[Caption-style text data]
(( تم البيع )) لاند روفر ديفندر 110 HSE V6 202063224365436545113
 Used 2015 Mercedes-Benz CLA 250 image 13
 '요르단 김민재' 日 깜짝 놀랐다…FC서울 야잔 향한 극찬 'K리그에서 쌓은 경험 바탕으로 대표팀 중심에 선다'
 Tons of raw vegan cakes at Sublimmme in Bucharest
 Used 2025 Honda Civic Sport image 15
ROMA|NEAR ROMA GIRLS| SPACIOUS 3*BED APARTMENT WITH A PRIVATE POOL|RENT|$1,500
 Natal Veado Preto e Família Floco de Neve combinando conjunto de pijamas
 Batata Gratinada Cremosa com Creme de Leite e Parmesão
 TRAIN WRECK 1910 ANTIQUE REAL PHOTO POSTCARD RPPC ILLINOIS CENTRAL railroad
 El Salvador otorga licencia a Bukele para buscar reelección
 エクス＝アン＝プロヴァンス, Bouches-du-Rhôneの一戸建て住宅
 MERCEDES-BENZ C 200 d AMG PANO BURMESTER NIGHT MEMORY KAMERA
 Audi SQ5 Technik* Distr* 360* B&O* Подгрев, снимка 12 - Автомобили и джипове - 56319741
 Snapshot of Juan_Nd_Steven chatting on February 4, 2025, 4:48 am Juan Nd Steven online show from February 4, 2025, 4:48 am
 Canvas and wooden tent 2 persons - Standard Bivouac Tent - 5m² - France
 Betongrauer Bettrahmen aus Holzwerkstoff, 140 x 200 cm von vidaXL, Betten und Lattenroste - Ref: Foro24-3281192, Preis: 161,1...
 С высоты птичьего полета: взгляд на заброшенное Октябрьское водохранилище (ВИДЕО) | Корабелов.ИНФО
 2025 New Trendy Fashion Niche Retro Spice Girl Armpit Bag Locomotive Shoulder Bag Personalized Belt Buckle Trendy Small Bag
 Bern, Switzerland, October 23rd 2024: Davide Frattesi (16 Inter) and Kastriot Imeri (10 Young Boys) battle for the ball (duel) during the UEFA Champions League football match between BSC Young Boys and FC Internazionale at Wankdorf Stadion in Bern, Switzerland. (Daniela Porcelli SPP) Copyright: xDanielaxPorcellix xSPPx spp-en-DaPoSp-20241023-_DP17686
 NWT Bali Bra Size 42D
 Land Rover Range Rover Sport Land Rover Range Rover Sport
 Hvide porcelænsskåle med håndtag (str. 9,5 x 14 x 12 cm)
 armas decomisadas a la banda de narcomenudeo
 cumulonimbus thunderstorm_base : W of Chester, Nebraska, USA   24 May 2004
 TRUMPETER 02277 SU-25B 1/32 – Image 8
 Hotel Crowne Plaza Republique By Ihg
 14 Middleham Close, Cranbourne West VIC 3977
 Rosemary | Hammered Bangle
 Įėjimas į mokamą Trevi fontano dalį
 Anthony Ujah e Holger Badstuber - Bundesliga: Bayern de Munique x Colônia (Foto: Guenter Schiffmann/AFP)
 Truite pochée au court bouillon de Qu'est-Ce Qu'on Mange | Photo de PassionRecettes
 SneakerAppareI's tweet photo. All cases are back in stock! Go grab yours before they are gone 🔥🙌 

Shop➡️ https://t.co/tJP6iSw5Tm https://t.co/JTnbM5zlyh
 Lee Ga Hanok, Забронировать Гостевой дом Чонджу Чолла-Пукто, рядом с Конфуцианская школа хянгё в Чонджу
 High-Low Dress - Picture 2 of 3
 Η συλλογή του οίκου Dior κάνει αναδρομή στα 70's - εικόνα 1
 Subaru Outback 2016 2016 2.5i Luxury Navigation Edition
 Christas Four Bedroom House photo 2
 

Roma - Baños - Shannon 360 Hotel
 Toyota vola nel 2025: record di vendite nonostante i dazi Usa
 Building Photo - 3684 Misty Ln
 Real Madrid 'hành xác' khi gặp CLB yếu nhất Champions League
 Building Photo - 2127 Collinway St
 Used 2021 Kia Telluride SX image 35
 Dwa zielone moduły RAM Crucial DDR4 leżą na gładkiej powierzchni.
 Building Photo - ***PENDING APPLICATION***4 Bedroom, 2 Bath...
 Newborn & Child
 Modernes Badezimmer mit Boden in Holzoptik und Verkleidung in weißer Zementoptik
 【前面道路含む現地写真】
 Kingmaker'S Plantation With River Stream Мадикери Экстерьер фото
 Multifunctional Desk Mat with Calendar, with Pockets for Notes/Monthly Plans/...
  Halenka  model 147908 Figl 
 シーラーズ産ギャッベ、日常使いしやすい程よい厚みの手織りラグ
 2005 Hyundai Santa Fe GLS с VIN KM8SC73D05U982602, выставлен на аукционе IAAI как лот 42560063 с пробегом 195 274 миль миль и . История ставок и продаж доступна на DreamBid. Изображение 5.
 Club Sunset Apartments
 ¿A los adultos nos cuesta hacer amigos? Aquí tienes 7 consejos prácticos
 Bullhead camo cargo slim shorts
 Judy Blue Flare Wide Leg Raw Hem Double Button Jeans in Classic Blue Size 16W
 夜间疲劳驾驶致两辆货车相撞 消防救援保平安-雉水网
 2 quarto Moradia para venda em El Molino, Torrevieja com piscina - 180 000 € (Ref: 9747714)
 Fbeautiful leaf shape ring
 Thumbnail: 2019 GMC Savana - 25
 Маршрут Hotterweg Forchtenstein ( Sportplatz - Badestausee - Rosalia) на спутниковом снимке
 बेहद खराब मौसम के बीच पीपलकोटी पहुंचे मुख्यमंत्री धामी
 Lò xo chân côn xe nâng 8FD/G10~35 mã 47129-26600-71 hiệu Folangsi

→ **TASK TO CARRY OUT**
Search the entries above for the word "Bedroom" and copy each line where it appears.

→ **ANSWER SPACE**
 Christas Four Bedroom House photo 2
 Building Photo - ***PENDING APPLICATION***4 Bedroom, 2 Bath...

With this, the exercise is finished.